### INFORMATION SHOWN
──────────
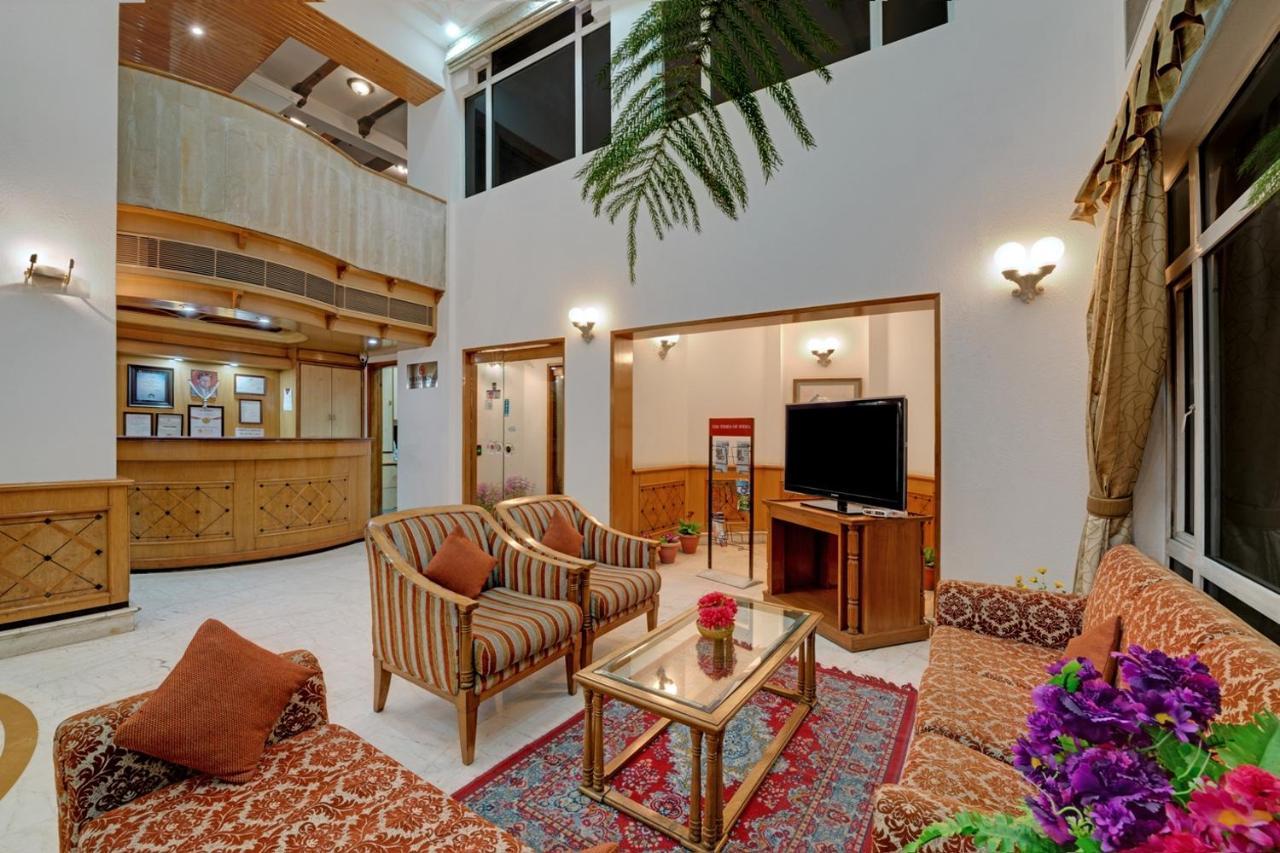 Hotel Baljees Regency Шимла Екстериор снимка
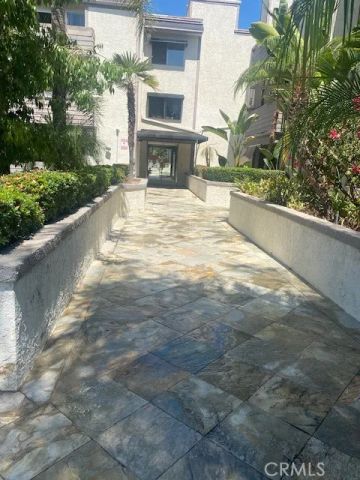 20253 Keswick 211, Winnetka, CA 91306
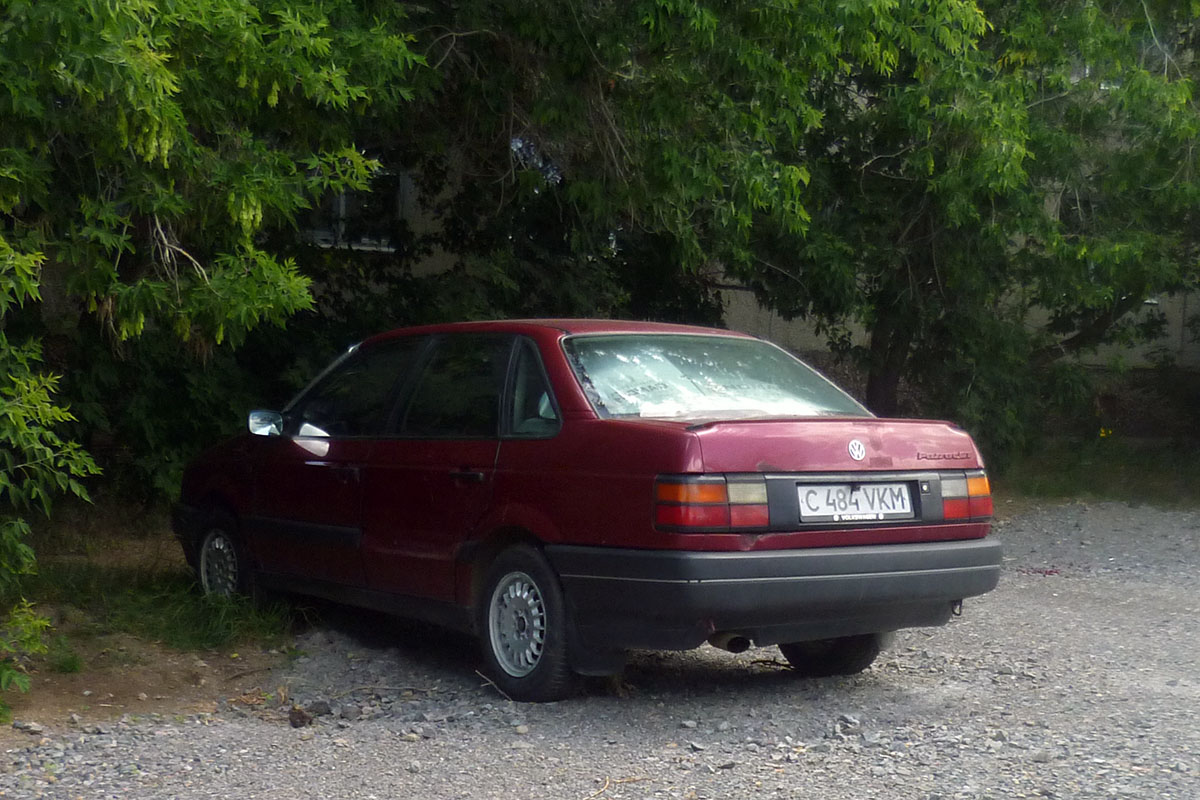 C 484 VKM, Volkswagen Passat 3rd gen Sedan (B3; 35i), 1988–1993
──────────
### EXERCISE DESCRIPTION
Please write out the lines from the one that holds "20253 Keswick 211, Winnetka, CA 91306" through the end of the material, both ends included, exactly and with no pictures.

### THE ANSWER
 20253 Keswick 211, Winnetka, CA 91306
 C 484 VKM, Volkswagen Passat 3rd gen Sedan (B3; 35i), 1988–1993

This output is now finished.